2. Diesen Anforderungen wird die hier vom Landgericht bestimmte
Ausnahme nicht gerecht. Die Kammer meint, der Angeklagte müsse
zunächst seine ablehnende Haltung gegen eine Unterbringung in
einer Entziehungsanstalt aufgeben. Dem könnte indes schon die
Feststellung entgegenstehen, daß der Angeklagte Einsicht in
die Notwendigkeit einer Behandlung zeigt und diese selbst - wenn auch
in einer freien Einrichtung - bereits angebahnt hatte. Das Landgericht
hat zudem eingehend die konkrete Aussicht eines Therapieerfolges
dargelegt und hervorgehoben, es lägen keine einer Therapie
entgegenstehende erhebliche
Persönlichkeitsveränderungen oder spezifische
Grunderkrankungen vor; der Angeklagte sei "ohne ausgeprägte
kriminelle Identifika-
tion", intellektuell ausreichend ausgestattet sowie beziehungs- und
gruppenfähig.
Dessen ungeachtet hat sich die Strafkammer gleichwohl der Auffassung
des Sachverständigen angeschlossen, derzufolge die Motivation
des Angeklagten zur Therapie beeinträchtigt sei, wenn hernach
"noch Strafe abzusitzen sei". Ein solcher, späterer Vollzug
sei für den Therapieerfolg kontraproduktiv.

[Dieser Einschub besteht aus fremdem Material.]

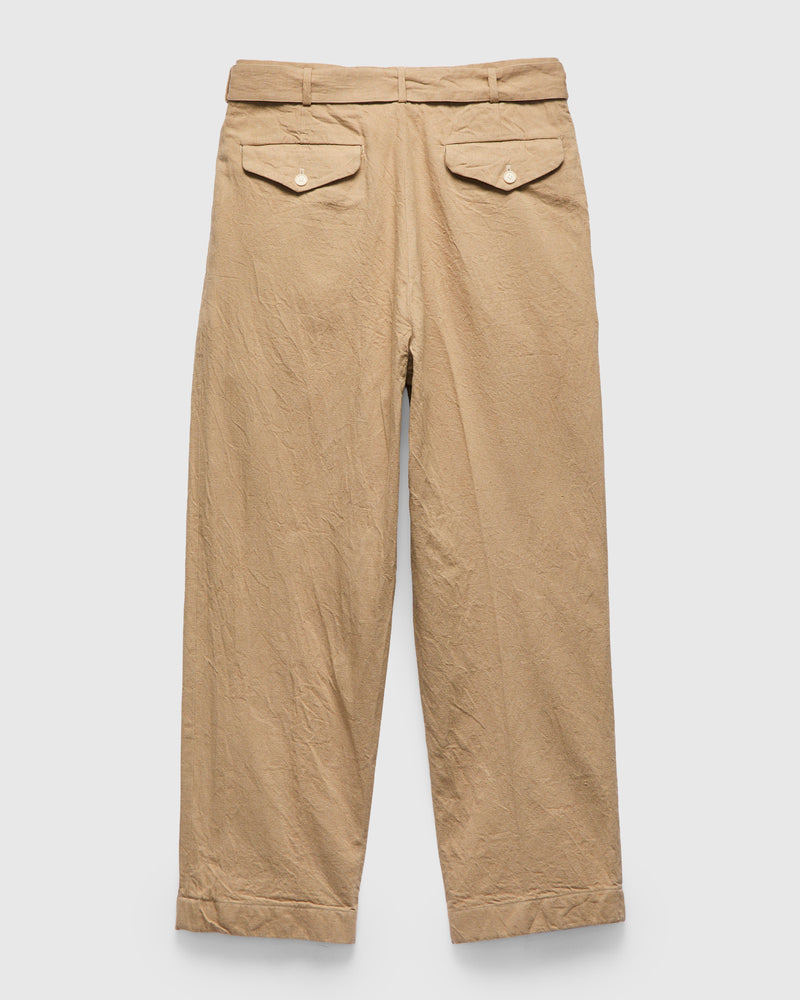Linen Denim Belted Riviera Pants in Beige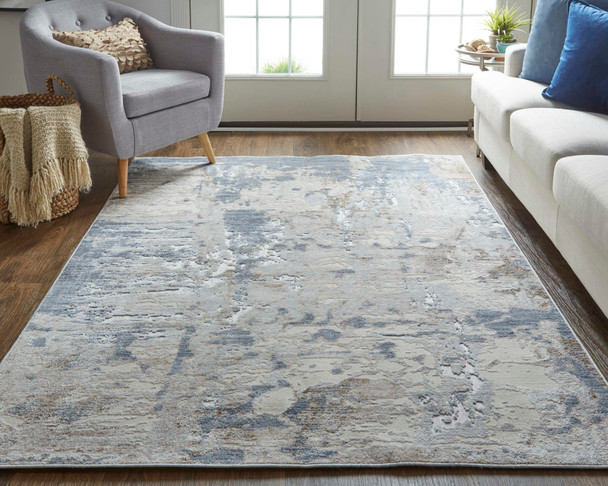 Feizy Laina 39GHF Ivory Gray Blue Area Rug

Diese Bewertung des Sachverständigen hätte - wollte
das Landgericht ihr folgen - näherer Darlegung und der
Mitteilung der entsprechenden Anknüpfungstatsachen bedurft.
Daran fehlt es. Konkret nachvollziehbare Gründe, warum ein
anschließender Strafvollzug den Maßregelvollzug
gefährden und wie sich dies auf den Angeklagten auswirken
könnte, sind nicht erkennbar (vgl. zu den Anforderungen BGH
NStZ 1986, 428). Im übrigen ist der Tatrichter unbeschadet der
Auffassung des Sachverständigen an die gesetzliche Regelung
gebunden (BGHR StGB § 67 Abs. 2 Vorwegvollzug 7).
Die Kammer hätte im Rahmen der erforderlichen
Würdigung auch zu bedenken gehabt, daß eine
vorhandene Therapiebereitschaft während des Vorwegvollzuges
der Strafe wieder zerstört werden kann (BGHR StGB §
67 Abs. 2 Zweckerreichung, leichtere 10; Vorwegvollzug, teilweiser 12).
Auch der Umstand, daß sich der Angeklagte schon seit
längerer Zeit in - anzurechnender - Untersuchungshaft
befindet, wäre zu berücksichtigen gewesen.
Schließlich konnte nicht außer acht bleiben,
daß eine vom Landgericht ins Auge gefaßte
spätere Vorgehensweise nach § 35 Abs. 2 Nr. 2 BtMG
auch möglich ist, wenn die Unterbringung in einer
Entziehungsanstalt ohne die Umkehr der vom Gesetzgeber als Regelfall
vorgesehenen Reihenfolge des Vollzuges angeordnet wird (BGH NStZ 1984,
573; BGHR StGB § 67 Abs. 2 Vorwegvollzug, teilweiser 6). Die
Begründung des Landgerichts krankt weiter daran, daß
es auf der Grundlage seiner Auffassung nicht die Möglichkeit
eines lediglich teilweisen Vorwegvollzuges der Strafe geprüft
hat.
Nach allem muß deshalb über die
Vollstreckungsreihenfolge neu entschieden werden.